ATCGATCGATCGATCGACTGACTAGTCATAGCTATGCATGTAGCTACTCGATCGATCGATCGATCGATCGATCGATCGATCGATCATGCTATCATCGATCGATATCGATGCATCGACTACTAT

Output a:

ATCGATCGATCGATCGACTGACTAGTCATAGCTATGCATGTAGCTACTCGATCGATCGATCG 62
ATCATCGATCGATATCGATGCATCGACTACTAT 33

Output b:

77.23577235772358

Output c:

ATCGATCGATCGATCGACTGACTAGTCATAGCTATGCATGTAGCTACTCGATCGATCGATCGatcgatcgatcgatcgatcgatcatgctATCATCGATCGATATCGATGCATCGACTACTAT

Tips#

  • Because the sequence is from + strand, it needs no modification. But, if the sequence would from the - strand, the reverse complement needs to be calculated.
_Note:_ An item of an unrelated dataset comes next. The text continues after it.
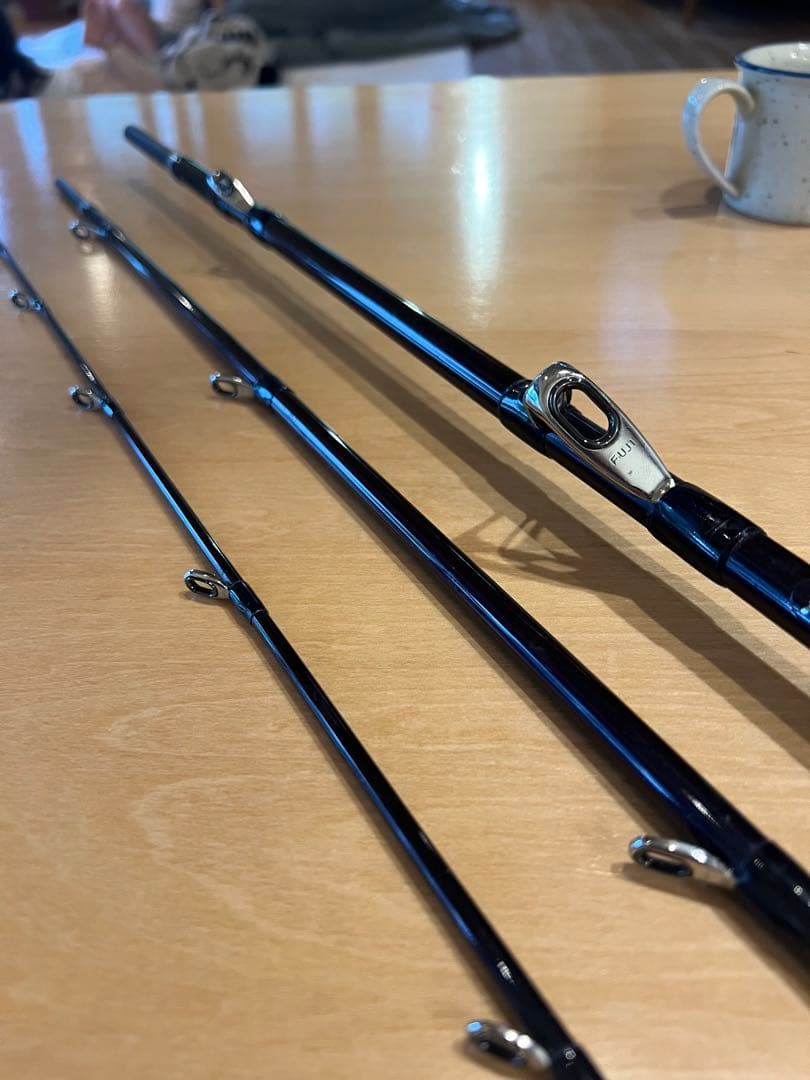 シマノ 海攻 真鯛 M360 船竿 コマセ真鯛 イサキ アジ釣りに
  • The programmer has to be very careful with the coordinates. Usually it is good idea to check your sequence in a genome browser like
    https://genome.ucsc.edu/. But you can not use the genome browser in the case, you need to know the species and genome version corresponding to your sequence.

Extra#

  • Something in this problem is suspicious to be wrong from a biological point of view. Tip: Observe the splice donor and acceptor sites.